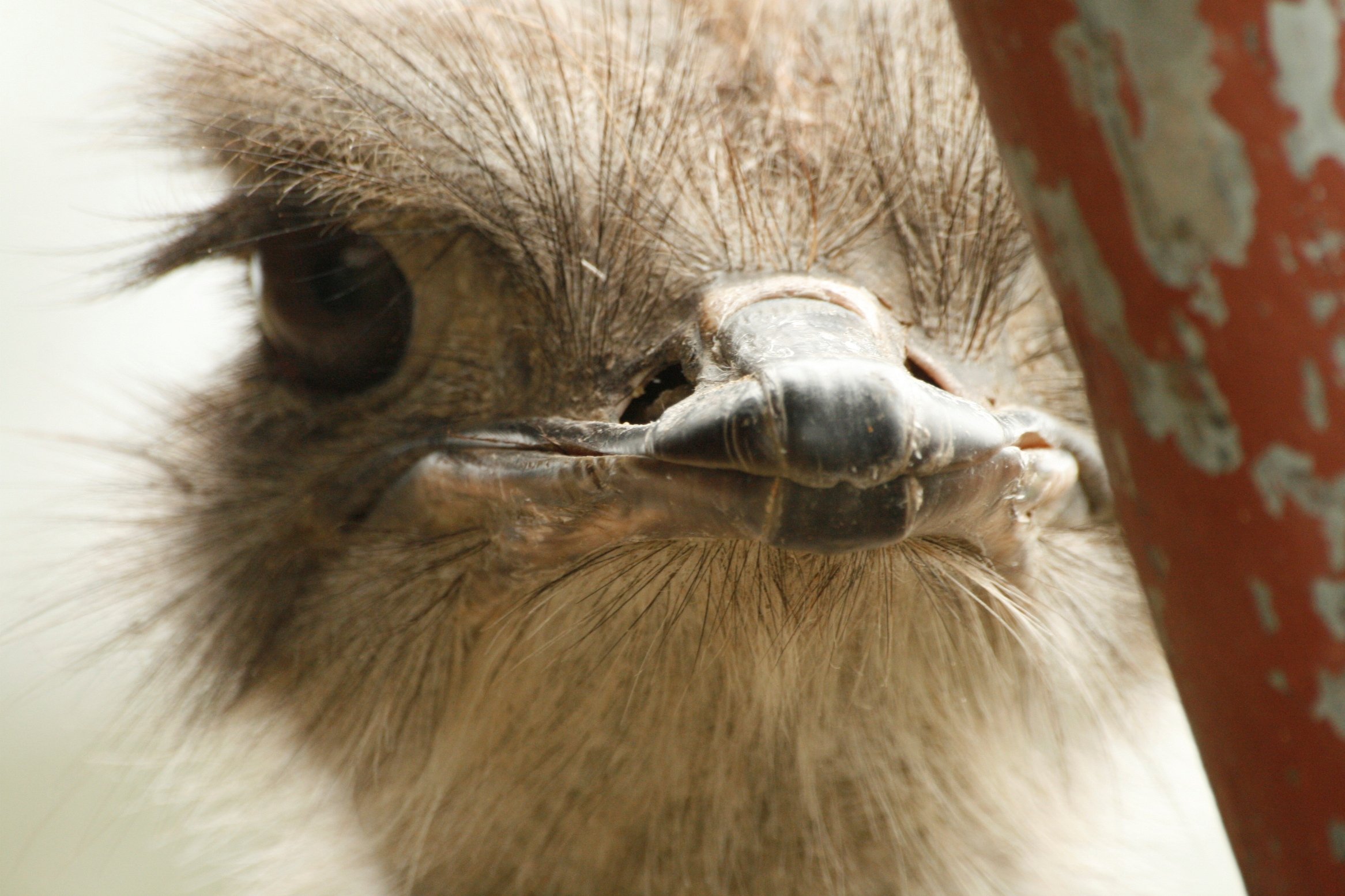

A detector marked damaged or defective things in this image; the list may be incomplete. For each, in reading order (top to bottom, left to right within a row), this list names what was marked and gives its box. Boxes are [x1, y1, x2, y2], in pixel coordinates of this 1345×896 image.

rusty metal post [945, 3, 1345, 890]
peeling red paint [950, 2, 1345, 894]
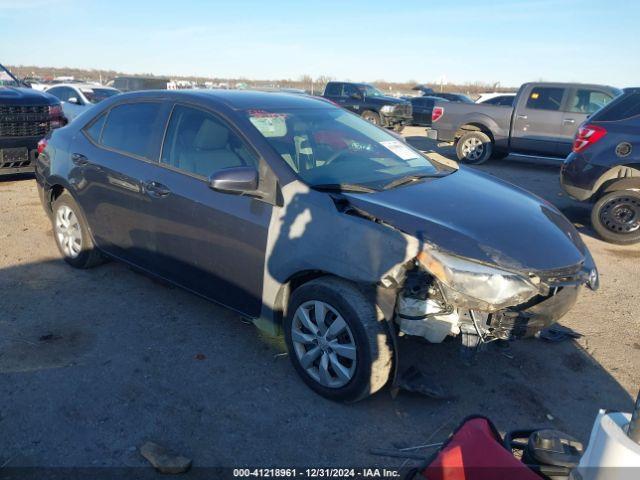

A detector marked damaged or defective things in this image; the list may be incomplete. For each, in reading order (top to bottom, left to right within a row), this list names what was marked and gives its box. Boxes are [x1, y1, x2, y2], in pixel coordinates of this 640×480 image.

damaged gray sedan [33, 89, 596, 402]
dented hood [342, 168, 588, 274]
exposed headlight assembly [418, 248, 544, 312]
damaged front end [392, 244, 596, 344]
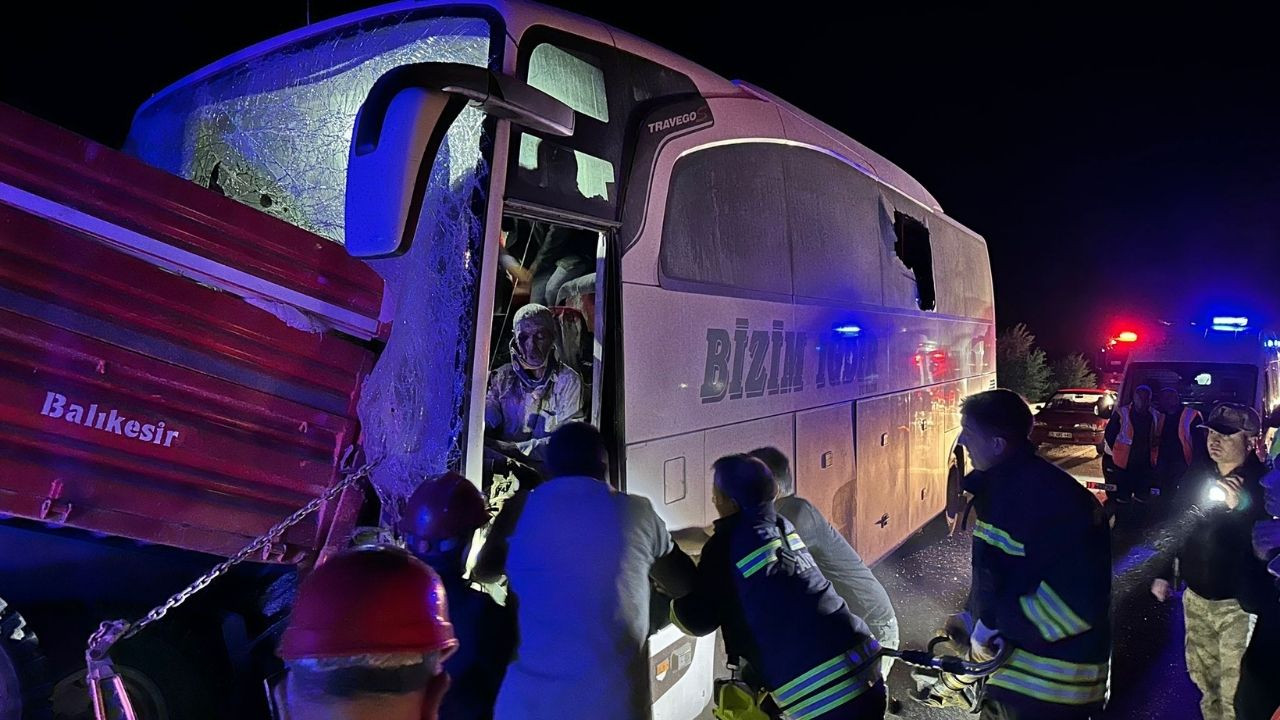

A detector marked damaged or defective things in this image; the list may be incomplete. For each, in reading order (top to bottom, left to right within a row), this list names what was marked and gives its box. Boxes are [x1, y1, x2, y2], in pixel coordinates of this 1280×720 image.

shattered windshield [124, 11, 491, 243]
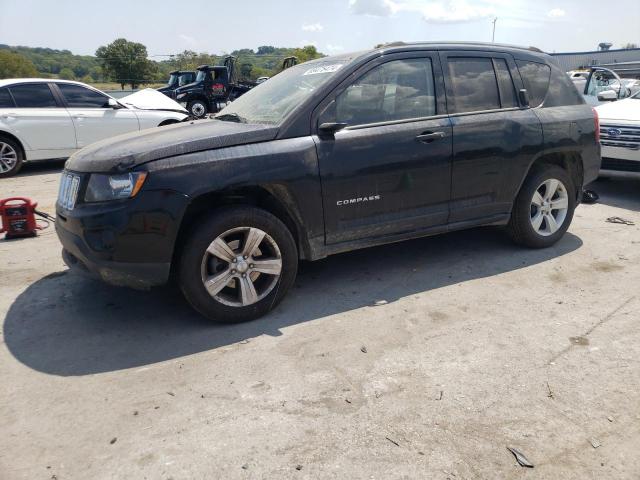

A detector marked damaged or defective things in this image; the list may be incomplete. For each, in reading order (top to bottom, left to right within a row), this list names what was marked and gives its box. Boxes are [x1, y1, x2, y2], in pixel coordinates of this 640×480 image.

________

**YOUR OBJECTIVE**
Reproduce, exactly and without pictures, the lines above from the one containing "this 1280×720 image." through the last line of the material, both ends included, and nothing more.

**WRITTEN RESPONSE**
A detector marked damaged or defective things in this image; the list may be incomplete. For each, in reading order (top to bottom, left to right within a row), this list names what was marked and gives its box. Boxes are [x1, y1, x2, y2], in pixel coordinates of this 1280×720 image.

shattered windshield [124, 11, 491, 243]

A detector marked damaged or defective things in this image; the list may be incomplete. For each, in reading order (top to bottom, left to right within a row), this list names what was marked and gives its box. Boxes are [x1, y1, x2, y2], in pixel coordinates of this 640×480 image.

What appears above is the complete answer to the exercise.